ScriptLocation: "s3://aws-glue-scripts-${AWS::AccountId}-ap-northeast-1/admin/emptyjob.py"
DefaultArguments:
--TempDir: "s3://aws-glue-temporary-${AWS::AccountId}-ap-northeast-1/"
--enable-continuous-cloudwatch-log: "true"
--enable-job-insights: "true"
--enable-metrics: "true"
--job-bookmark-option: "job-bookmark-disable"
--job-language: "python"
ExecutionProperty:
MaxConcurrentRuns: 1
WorkerType: "G.2X"
NumberOfWorkers: 10
MaxRetries: 0
Timeout: 2880
Type: AWS::Glue::Job
Properties:
Name: "commo-glue-job"
Role: !Ref GlueServiceRole
Command:
Name: "pythonshell"
PythonVersion: "3"
ScriptLocation: "s3://aws-glue-scripts-${AWS::AccountId}-ap-northeast-1/admin/emptyjob2.py"
DefaultArguments:
--TempDir: "s3://aws-glue-temporary-${AWS::AccountId}-ap-northeast-1/"
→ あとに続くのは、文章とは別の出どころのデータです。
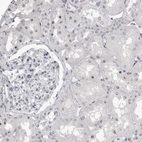 Anti-DDX54 Antibody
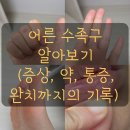 금주어린이집 | 어른 수족구 초기증상 목통증 전염 수포 입안 병원 약 완치 후기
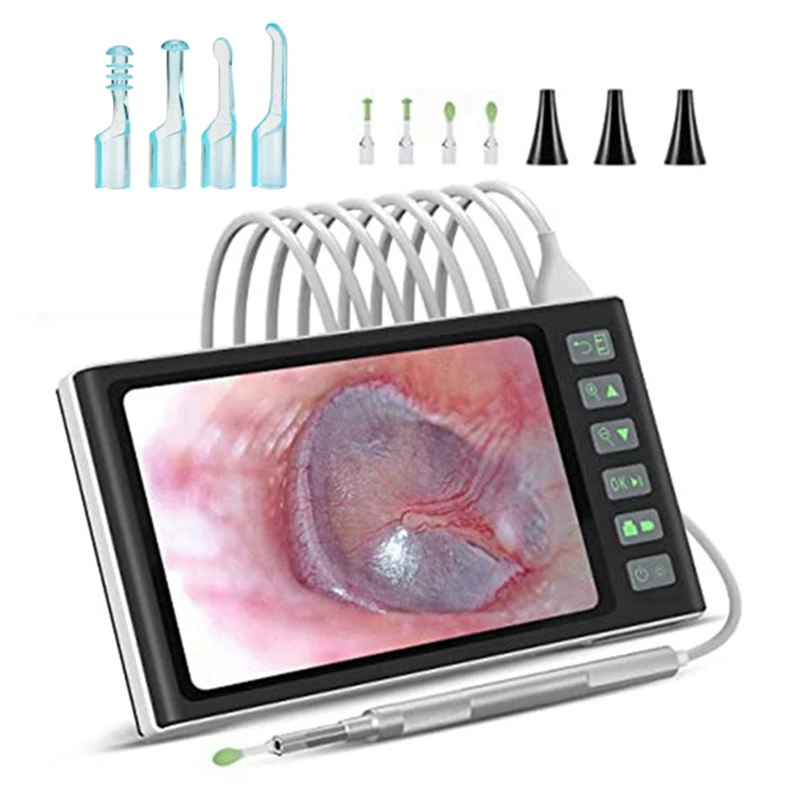 Digital Otoscope With 7-Inch Screen, Ear Camera, Visual Ear Scoop Supports Photo Snapshots And Video Recording,Ear Scoop Durable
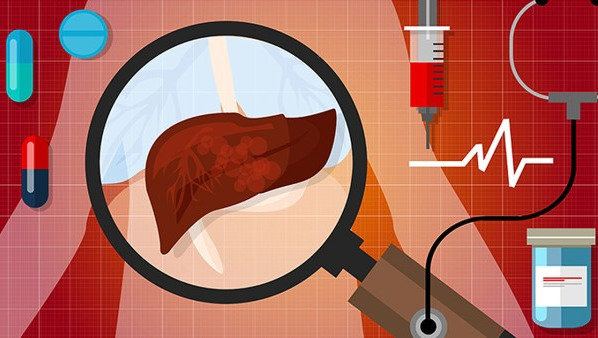 转氨酶多少是正常 转氨酶升高饮食禁忌事项有3点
--enable-continuous-cloudwatch-log: "true"
--enable-job-insights: "true"
--enable-metrics: "true"
--job-bookmark-option: "job-bookmark-disable"
ORIGINAL_JOB: ""
ExecutionProperty:
MaxConcurrentRuns: 10
MaxRetries: 0
Timeout: 2880
DependsOn:
- EventBridgeGlueExecutionRole
- GlueWorkflowTest01
Type: AWS::Events::Rule
Properties:
Name: EventRuleTest01
EventPattern:
source:
- aws.glue
detail-type:
- Glue Job State Change
detail:
jobName:
- !Ref GlueJobTest01
state:
- SUCCEEDED
Targets:
-
Arn: !Sub arn:aws:glue:${AWS::Region}:${AWS::AccountId}:workflow/${GlueWorkflowTest01}
Id: GlueJobTriggersWorkflow
RoleArn: !GetAtt 'EventBridgeGlueExecutionRole.Arn'
Type: AWS::Glue::Workflow
Properties:
Name: wf-test01
Description: Glue workflow triggered by Glue Job Event
Type: AWS::Glue::Trigger
DependsOn:
- GlueJobTest01
Properties:
Name: test_01_job_trigger
Description: Glue trigger which is listening on another Glue Job
Type: EVENT
Actions:
- JobName: !Ref CommonGlueJob
Arguments:
--ORIGINAL_JOB: testjob
WorkflowName: !Ref GlueWorkflowTest01
Actions: –> Argumentsの設定でtriggerからパラメータを渡すことができます
Type: AWS::IAM::Role
DependsOn:
- GlueWorkflowTest01
Properties:
RoleName: !Sub EventBridgeGlueExecutionRole-${AWS::StackName}
Description: Has permissions to invoke the NotifyEvent API for an AWS Glue workflow.
AssumeRolePolicyDocument:
Version: '2012-10-17'
Statement:
- Effect: Allow
Principal:
Service:
- events.amazonaws.com
Action:
- sts:AssumeRole
Path: /
Policies:
- PolicyDocument:
Version: '2012-10-17'
Statement:
- Effect: Allow
Action:
- glue:notifyEvent
Resource:
- !Sub arn:aws:glue:${AWS::Region}:${AWS::AccountId}:workflow/${GlueWorkflowTest01}
PolicyName: EventBridgeGlueExecutionRole-policy
Type: AWS::IAM::Role
Properties:
RoleName: GlueServiceRole-workflowtest
AssumeRolePolicyDocument:
Version: '2012-10-17'
Statement:
- Effect: Allow
Principal:
Service: glue.amazonaws.com
Action: sts:AssumeRole
Path: /
Policies:
- PolicyDocument:
Version: '2012-10-17'
Statement:
- Effect: Allow
Action:
- s3:PutObject
- s3:GetObject
- s3:ListObject
- s3:GetBucketLocation
- s3:ListBucket
- s3:ListAllMyBuckets
- s3:GetBucketAcl
- glue:*
Resource: '*'
- Effect: Allow
Action:
- logs:CreateLogStream
- logs:PutLogEvents
- logs:CreateLogGroup
Resource:
- arn:aws:logs:*:*:/aws-glue/*
PolicyName: GlueServiceRole-workflowtest
最後に
最後に一つjobを動かしたいだけなのに、すごく手間が掛かった印象です。
Step FunctionsではGlue Jobの実行が可能のようなので、そちらで作り直そうかと検討しています。